Exploring Beyond the ‘Death Line’: Discovery of an Ultra-Bright Object

Scientists have made a perplexing discovery of an incredibly luminous celestial entity that continues to emit intense light despite its demise. Situated a staggering 15,000 light-years from our planet, this enigmatic object is believed to be a fragment of a colossal star, commonly referred to as a magnetar, that has been shattered into pieces.

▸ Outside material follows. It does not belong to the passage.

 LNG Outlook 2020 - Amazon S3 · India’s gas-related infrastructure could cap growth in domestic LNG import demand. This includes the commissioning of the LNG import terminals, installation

According to a Live Science report. it’s as small as a city and yet a stellar object can have a huge amount of mass, similar to the Sun. Its magnetic field is over a quadrillion times stronger than Earth’s.

About the star object

A rotating magnetar can rotate and produce radio waves in unknown patterns, often repeating every few seconds or minutes, as well as emit very bright jets of electromagnetic radiation. A popular theory is that a magnetar of this size does not produce high radio waves as its rotation slows down. However, Natasha Hurley-Walker, a radio astronomer at Australia’s International Center for Radio Astronomy Research (ICRAR) and lead author of the new study, says: “The object found rotates too slowly to produce radio waves – it is below the death threshold,” and has done so for more than 30 years.

This discovery may contradict several theories and models based on the magnetar. According to Live Science, the researchers also examined archives dating back to 1988 and compared magnetar theories with half a dozen other radio telescopes around the world. In the oldest data, they noticed the same object, which had been pulsing at roughly the same 22-minute intervals for 33 years.

According to a study published in the journal Nature, scientists say it may not be a magnetar, it may be a white dwarf (a type of stellar remnant). Although the stellar object is also 1000 times brighter than a white dwarf. As a result, no conclusion about the ultra bright object found.

What is Magnetar?

Magnetars are not powered by traditional mechanisms such as nuclear fusion or rotation, NASA reveals. They represent a new way for the star to shine. The magnetic fields of magnetars are a thousand times stronger than those of ordinary neutron stars.